Researchers create arbitrary formulas that place a lower value on the lives of elderly and disabled patients, while disregarding the unique needs of minority groups. The Congressional Black Caucus raised this same concern in a 2008 letter to Ways and Means Chairman Charlie Rangel (D-N.Y.). They said federal research should not be “used as rationale for limiting care to what works on average, rather than what works best for each, individual patient.” Now, the CBC and moderate Democratic groups — including the Blue Dog and the New Democrat coalitions — are attempting to step away from this drastic policy change that they first supported.

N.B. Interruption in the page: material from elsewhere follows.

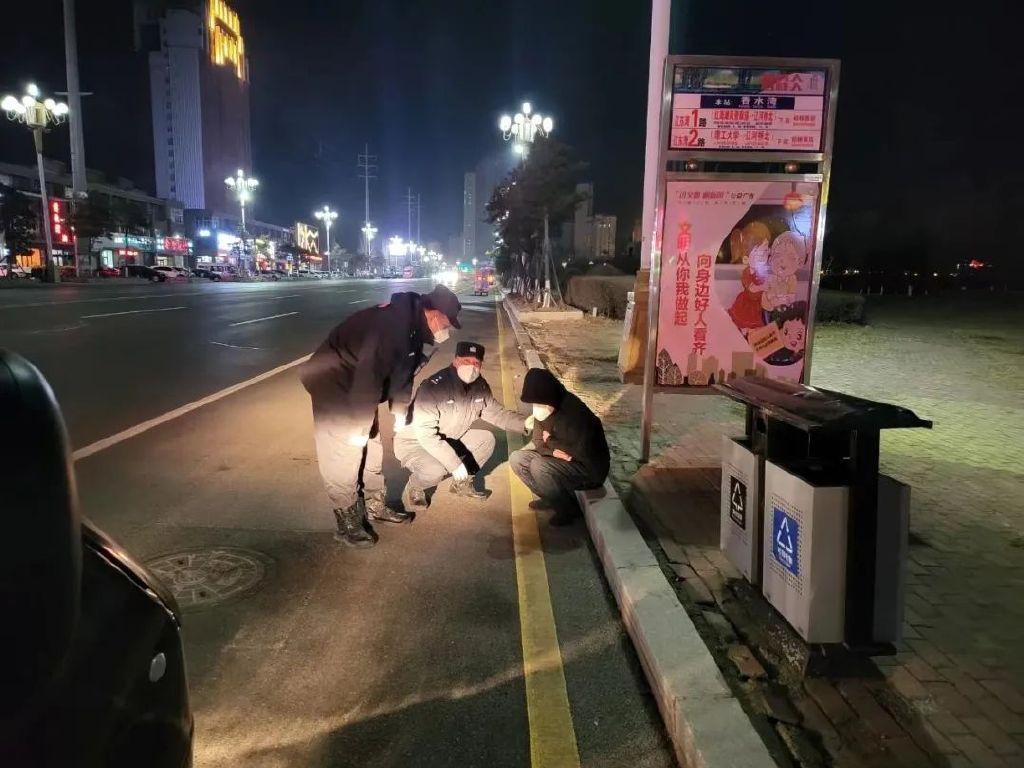 https://p3-sign.toutiaoimg.com/tos-cn-i-6w9my0ksvp/2b6b8e516aad4e47948e56a2ea2fd67a~noop.image?_iz=58558&from=article.pc_detail&lk3s=953192f4&x-expires=1705280042&x-signature=2LAaKVqNLBJhmuxUy8gLpapaUlU%3D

Unfortunately, House leaders disregarded these warnings. Obey gave a green light to rationing needed care by stating in report language that medical treatments that are “more expensive will no longer be prescribed.”

We must reduce costs and improve quality without allowing Medicare bureaucrats to deprive patients of “reasonable and necessary” care. Patients will suffer if cost becomes the primary factor in determining Medicare coverage decisions. Reporting on a similar issue, New York Times journalist Robert Pear explained: “Some services, like kidney dialysis, have contributed to the increasing cost of Medicare but saved thousands of lives.”

It’s time for House Democrats to set their priorities straight. Congress should fund research to improve the quality of patients’ medical care, instead of creating new barriers to deprive them of beneficial treatments.

Rep. Charles Boustany (R-La.) is the ranking member of the Ways and Means Subcommittee on Oversight.